But as I chatted with Whye Kee, I realised that this is really a story that goes beyond tea. And yet, it is very tea. Tell you what, I’ll leave him to tell his story.
Hi Whye Kee! What made you go into pottery?
In 2007, I picked pottery up in the last few months in prison. I spent 10 years of my youth in jail and towards the end of my sentence, my father passed away and I could not stop thinking about it. I signed up for pottery class in prison because I thought it would take my mind off things and true enough, when I did pottery, I would go into this quiet zone I could not get anywhere else. I spent all my time creating and studying pottery.
A vase I made was displayed at a Yellow Ribbon art exhibition and some people noticed it. One of them was Chen KeZhan, an established abstract ink and wash painter. Eventually, when I was released in 2008, KeZhan encouraged me to study art formally and he sponsored part of my fine arts degree at LASALLE.

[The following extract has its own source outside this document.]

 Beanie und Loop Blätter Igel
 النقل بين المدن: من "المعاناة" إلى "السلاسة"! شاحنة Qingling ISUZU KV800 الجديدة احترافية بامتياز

What made you go into teaware?
I only just started making them this year to challenge myself. Teaware is the hardest form of pottery. If you look at a tea pot, there are so many parts to it and everything has to fit. Nothing can be missed.
But it’s also because drinking tea reminds me of KeZhan. Whenever I go to his place, he’ll serve me some fancy tea like pu’erh with ginseng in antique Chinese teaware. I find it very touching because he is like a teacher to me and I should be the one serving tea to him. But he serves me tea with his own style of doing the tea ceremony and it’s executed with such grace.
What have you learned about tea so far?
Tea has a deep taste. When I drink it, I’m reminded of nature and memories of hiking.
But I don’t really think a lot while drinking it. Recently, I went to Korea to learn more about tea and teaware there and met up with a tea friend I made from Instagram and we sat down and drank for four hours. I did find that session quite challenging but I was also very touched by his hospitality and generosity.
And then I realised that people being passionate about tea is very much like why I had so many tattoos done all over my body when I was younger. You want to get strength from something other than yourself. Also, it’s the process of brewing tea slowly that calms you down and not so much the drink itself.
Thank you for sharing your thoughts with us, Whye Kee!